━━━ Data extracts

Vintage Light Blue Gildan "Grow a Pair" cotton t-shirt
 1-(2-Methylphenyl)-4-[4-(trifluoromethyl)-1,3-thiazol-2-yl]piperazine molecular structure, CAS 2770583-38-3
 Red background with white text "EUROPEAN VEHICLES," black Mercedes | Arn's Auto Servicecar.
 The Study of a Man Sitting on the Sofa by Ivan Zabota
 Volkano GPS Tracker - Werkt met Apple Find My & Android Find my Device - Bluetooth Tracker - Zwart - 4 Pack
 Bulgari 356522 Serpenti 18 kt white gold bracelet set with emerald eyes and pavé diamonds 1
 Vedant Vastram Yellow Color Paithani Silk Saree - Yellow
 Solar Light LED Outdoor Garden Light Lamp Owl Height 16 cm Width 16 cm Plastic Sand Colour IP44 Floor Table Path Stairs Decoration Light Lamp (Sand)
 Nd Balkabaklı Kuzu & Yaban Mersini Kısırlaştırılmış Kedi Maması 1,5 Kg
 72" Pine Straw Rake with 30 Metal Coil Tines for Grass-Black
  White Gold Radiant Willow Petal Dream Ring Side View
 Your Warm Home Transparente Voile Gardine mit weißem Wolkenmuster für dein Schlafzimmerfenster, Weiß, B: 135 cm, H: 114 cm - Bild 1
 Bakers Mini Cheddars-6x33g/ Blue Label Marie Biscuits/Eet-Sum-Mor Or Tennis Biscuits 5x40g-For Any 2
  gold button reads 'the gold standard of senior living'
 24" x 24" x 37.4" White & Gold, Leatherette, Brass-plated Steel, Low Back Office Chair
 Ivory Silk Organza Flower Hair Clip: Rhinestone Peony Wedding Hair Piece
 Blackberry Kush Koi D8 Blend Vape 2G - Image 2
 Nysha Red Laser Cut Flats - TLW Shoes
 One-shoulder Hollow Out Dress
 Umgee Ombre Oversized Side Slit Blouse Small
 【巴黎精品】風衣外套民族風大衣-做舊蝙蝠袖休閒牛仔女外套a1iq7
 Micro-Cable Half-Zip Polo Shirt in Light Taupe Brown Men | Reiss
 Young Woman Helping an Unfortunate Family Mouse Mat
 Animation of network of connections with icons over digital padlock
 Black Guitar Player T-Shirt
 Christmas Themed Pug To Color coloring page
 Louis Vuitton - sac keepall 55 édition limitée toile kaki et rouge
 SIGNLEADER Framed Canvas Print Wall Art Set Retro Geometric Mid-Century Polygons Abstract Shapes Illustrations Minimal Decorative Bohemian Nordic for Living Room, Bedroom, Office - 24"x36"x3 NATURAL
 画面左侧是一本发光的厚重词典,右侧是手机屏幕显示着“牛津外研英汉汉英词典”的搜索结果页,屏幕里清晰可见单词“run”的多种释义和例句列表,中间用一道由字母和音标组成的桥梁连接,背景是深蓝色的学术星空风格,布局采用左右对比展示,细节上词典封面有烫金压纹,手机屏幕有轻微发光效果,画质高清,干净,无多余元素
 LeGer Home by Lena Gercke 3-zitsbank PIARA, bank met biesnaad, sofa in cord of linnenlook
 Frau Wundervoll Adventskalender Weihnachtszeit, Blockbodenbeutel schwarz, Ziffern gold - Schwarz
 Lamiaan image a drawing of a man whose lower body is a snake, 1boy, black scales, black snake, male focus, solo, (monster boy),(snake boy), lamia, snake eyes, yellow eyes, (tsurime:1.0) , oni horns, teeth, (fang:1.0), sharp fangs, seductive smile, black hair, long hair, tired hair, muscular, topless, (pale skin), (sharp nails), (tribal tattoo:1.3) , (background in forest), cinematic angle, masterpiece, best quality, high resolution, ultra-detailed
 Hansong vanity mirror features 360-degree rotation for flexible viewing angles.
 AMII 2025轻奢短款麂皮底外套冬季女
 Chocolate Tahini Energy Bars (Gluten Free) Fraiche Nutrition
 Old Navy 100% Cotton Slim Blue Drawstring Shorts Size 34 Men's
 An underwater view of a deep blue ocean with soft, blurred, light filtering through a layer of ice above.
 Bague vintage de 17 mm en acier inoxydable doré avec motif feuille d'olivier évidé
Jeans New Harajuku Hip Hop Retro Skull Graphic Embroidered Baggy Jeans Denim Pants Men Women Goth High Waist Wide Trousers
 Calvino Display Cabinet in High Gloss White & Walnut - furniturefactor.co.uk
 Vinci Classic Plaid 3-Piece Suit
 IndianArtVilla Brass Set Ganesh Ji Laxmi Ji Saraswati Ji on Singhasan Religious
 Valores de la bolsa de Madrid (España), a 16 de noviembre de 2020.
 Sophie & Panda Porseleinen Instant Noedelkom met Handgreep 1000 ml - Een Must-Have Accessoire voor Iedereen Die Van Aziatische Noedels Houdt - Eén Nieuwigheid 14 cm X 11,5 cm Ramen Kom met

━━━━━━

*Problem to solve*:
Reproduce the data exactly, character for character.

*Written answer*:
Vintage Light Blue Gildan "Grow a Pair" cotton t-shirt
 1-(2-Methylphenyl)-4-[4-(trifluoromethyl)-1,3-thiazol-2-yl]piperazine molecular structure, CAS 2770583-38-3
 Red background with white text "EUROPEAN VEHICLES," black Mercedes | Arn's Auto Servicecar.
 The Study of a Man Sitting on the Sofa by Ivan Zabota
 Volkano GPS Tracker - Werkt met Apple Find My & Android Find my Device - Bluetooth Tracker - Zwart - 4 Pack
 Bulgari 356522 Serpenti 18 kt white gold bracelet set with emerald eyes and pavé diamonds 1
 Vedant Vastram Yellow Color Paithani Silk Saree - Yellow
 Solar Light LED Outdoor Garden Light Lamp Owl Height 16 cm Width 16 cm Plastic Sand Colour IP44 Floor Table Path Stairs Decoration Light Lamp (Sand)
 Nd Balkabaklı Kuzu & Yaban Mersini Kısırlaştırılmış Kedi Maması 1,5 Kg
 72" Pine Straw Rake with 30 Metal Coil Tines for Grass-Black
  White Gold Radiant Willow Petal Dream Ring Side View
 Your Warm Home Transparente Voile Gardine mit weißem Wolkenmuster für dein Schlafzimmerfenster, Weiß, B: 135 cm, H: 114 cm - Bild 1
 Bakers Mini Cheddars-6x33g/ Blue Label Marie Biscuits/Eet-Sum-Mor Or Tennis Biscuits 5x40g-For Any 2
  gold button reads 'the gold standard of senior living'
 24" x 24" x 37.4" White & Gold, Leatherette, Brass-plated Steel, Low Back Office Chair
 Ivory Silk Organza Flower Hair Clip: Rhinestone Peony Wedding Hair Piece
 Blackberry Kush Koi D8 Blend Vape 2G - Image 2
 Nysha Red Laser Cut Flats - TLW Shoes
 One-shoulder Hollow Out Dress
 Umgee Ombre Oversized Side Slit Blouse Small
 【巴黎精品】風衣外套民族風大衣-做舊蝙蝠袖休閒牛仔女外套a1iq7
 Micro-Cable Half-Zip Polo Shirt in Light Taupe Brown Men | Reiss
 Young Woman Helping an Unfortunate Family Mouse Mat
 Animation of network of connections with icons over digital padlock
 Black Guitar Player T-Shirt
 Christmas Themed Pug To Color coloring page
 Louis Vuitton - sac keepall 55 édition limitée toile kaki et rouge
 SIGNLEADER Framed Canvas Print Wall Art Set Retro Geometric Mid-Century Polygons Abstract Shapes Illustrations Minimal Decorative Bohemian Nordic for Living Room, Bedroom, Office - 24"x36"x3 NATURAL
 画面左侧是一本发光的厚重词典,右侧是手机屏幕显示着“牛津外研英汉汉英词典”的搜索结果页,屏幕里清晰可见单词“run”的多种释义和例句列表,中间用一道由字母和音标组成的桥梁连接,背景是深蓝色的学术星空风格,布局采用左右对比展示,细节上词典封面有烫金压纹,手机屏幕有轻微发光效果,画质高清,干净,无多余元素
 LeGer Home by Lena Gercke 3-zitsbank PIARA, bank met biesnaad, sofa in cord of linnenlook
 Frau Wundervoll Adventskalender Weihnachtszeit, Blockbodenbeutel schwarz, Ziffern gold - Schwarz
 Lamiaan image a drawing of a man whose lower body is a snake, 1boy, black scales, black snake, male focus, solo, (monster boy),(snake boy), lamia, snake eyes, yellow eyes, (tsurime:1.0) , oni horns, teeth, (fang:1.0), sharp fangs, seductive smile, black hair, long hair, tired hair, muscular, topless, (pale skin), (sharp nails), (tribal tattoo:1.3) , (background in forest), cinematic angle, masterpiece, best quality, high resolution, ultra-detailed
 Hansong vanity mirror features 360-degree rotation for flexible viewing angles.
 AMII 2025轻奢短款麂皮底外套冬季女
 Chocolate Tahini Energy Bars (Gluten Free) Fraiche Nutrition
 Old Navy 100% Cotton Slim Blue Drawstring Shorts Size 34 Men's
 An underwater view of a deep blue ocean with soft, blurred, light filtering through a layer of ice above.
 Bague vintage de 17 mm en acier inoxydable doré avec motif feuille d'olivier évidé
Jeans New Harajuku Hip Hop Retro Skull Graphic Embroidered Baggy Jeans Denim Pants Men Women Goth High Waist Wide Trousers
 Calvino Display Cabinet in High Gloss White & Walnut - furniturefactor.co.uk
 Vinci Classic Plaid 3-Piece Suit
 IndianArtVilla Brass Set Ganesh Ji Laxmi Ji Saraswati Ji on Singhasan Religious
 Valores de la bolsa de Madrid (España), a 16 de noviembre de 2020.
 Sophie & Panda Porseleinen Instant Noedelkom met Handgreep 1000 ml - Een Must-Have Accessoire voor Iedereen Die Van Aziatische Noedels Houdt - Eén Nieuwigheid 14 cm X 11,5 cm Ramen Kom met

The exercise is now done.